По Невскому бежала врассыпную толпа рабочих, – ее преследовал военный отряд, стреляя вдогонку. Мы с угла Морской видели эту погоню.

Не помню, от кого я услышал: идите в Публичную библиотеку, и мы последовали этому зову. Не знаю, как мы проникли туда: были ли взломаны двери или они были открыты (кажется, верно последнее, потом я слышал, что в читальном зале было даже несколько человек работавших, которые ушли, недовольные нарушением порядка). Толпа, и мы с Сашей с нею, проникла в читальный зад. На стол вскочил Максим Горький и произнес краткую, но произведшую сильное впечатление речь; содержание ее совершенно не помню. За ним на тот же стол вскочил я и тоже произнес краткую речь. Как я уже сказал, содержание ее я тоже не помню, но закончил ее возгласом: долой кровавого царя.

Совершенно неожиданно в ответ раздался возглас по моему адресу какой-то пожилой женщины:

– Стыдно вам!

Толпа, однако, была на моей стороне, и женщина вызвала крики по своему адресу:

– Вам стыдно, царь убивает на улице людей, а вы! – Толпа наседала на женщину, некоторые грозили ей кулаками.

Я боялся, что может произойти расправа; Горький, видимо, боялся того же, но, к счастью, дело обошлось мирно, – женщину выставили, и она ушла. Других ораторов не нашлось; толпа разошлась, и я тоже ушел.
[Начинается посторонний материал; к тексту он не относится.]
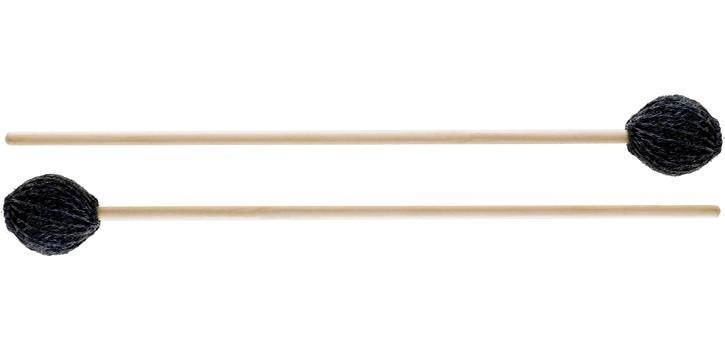 Diversity Series System Blue Marimba Mallets - Medium-Hard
Затем мы вновь бродили по улицам. В одном месте мы встретили отряд конных казаков, преследовавший с шашками наголо толпу, бежавшую и прятавшуюся в воротах и других углублениях в стенах домов. Мы тоже спрятались в одной такой нише, и казаки промчались мимо нас. Вновь несколько раз слышали ружейную пальбу, но ни убитых, ни раненых больше не видели.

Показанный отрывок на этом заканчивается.